Instructions for the task
The listing must be copied out in full and exactly; no images go with it.

Collected data
****************************************

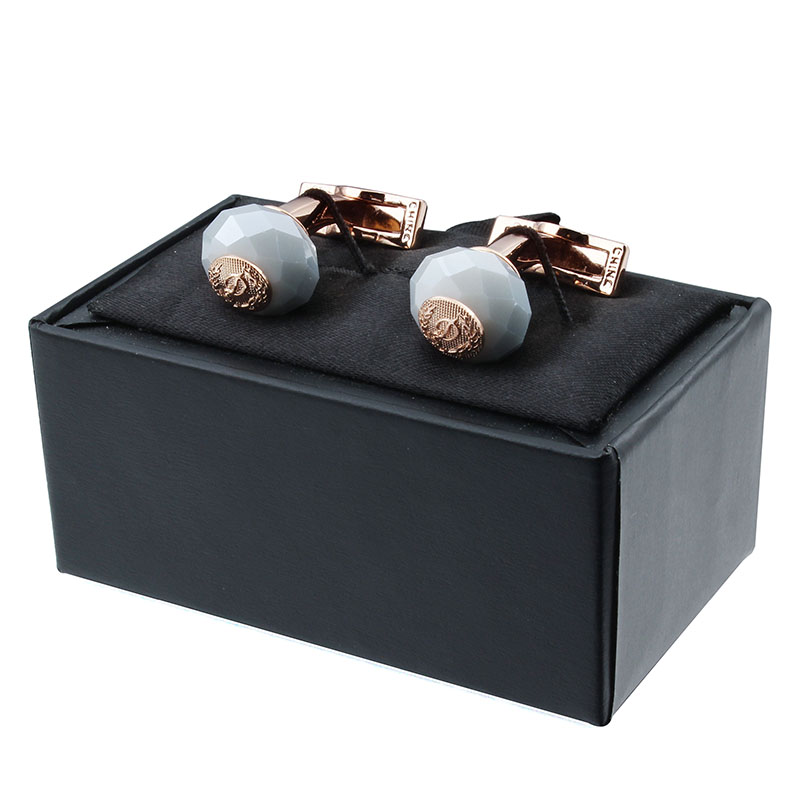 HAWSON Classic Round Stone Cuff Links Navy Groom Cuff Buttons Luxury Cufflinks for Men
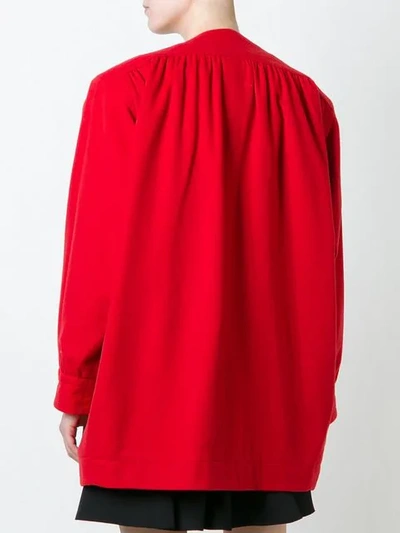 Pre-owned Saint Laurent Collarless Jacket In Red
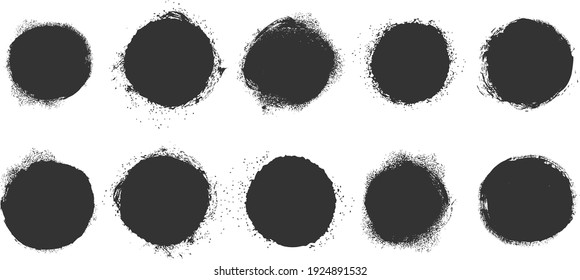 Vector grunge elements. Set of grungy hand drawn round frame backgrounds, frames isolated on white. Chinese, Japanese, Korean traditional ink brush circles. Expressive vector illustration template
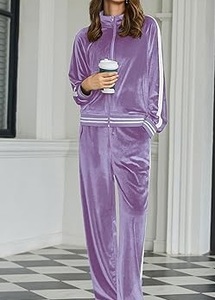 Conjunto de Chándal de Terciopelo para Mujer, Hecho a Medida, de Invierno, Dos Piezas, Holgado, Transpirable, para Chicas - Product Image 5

****************************************

Answer to this problem
 HAWSON Classic Round Stone Cuff Links Navy Groom Cuff Buttons Luxury Cufflinks for Men
 Pre-owned Saint Laurent Collarless Jacket In Red
 Vector grunge elements. Set of grungy hand drawn round frame backgrounds, frames isolated on white. Chinese, Japanese, Korean traditional ink brush circles. Expressive vector illustration template
 Conjunto de Chándal de Terciopelo para Mujer, Hecho a Medida, de Invierno, Dos Piezas, Holgado, Transpirable, para Chicas - Product Image 5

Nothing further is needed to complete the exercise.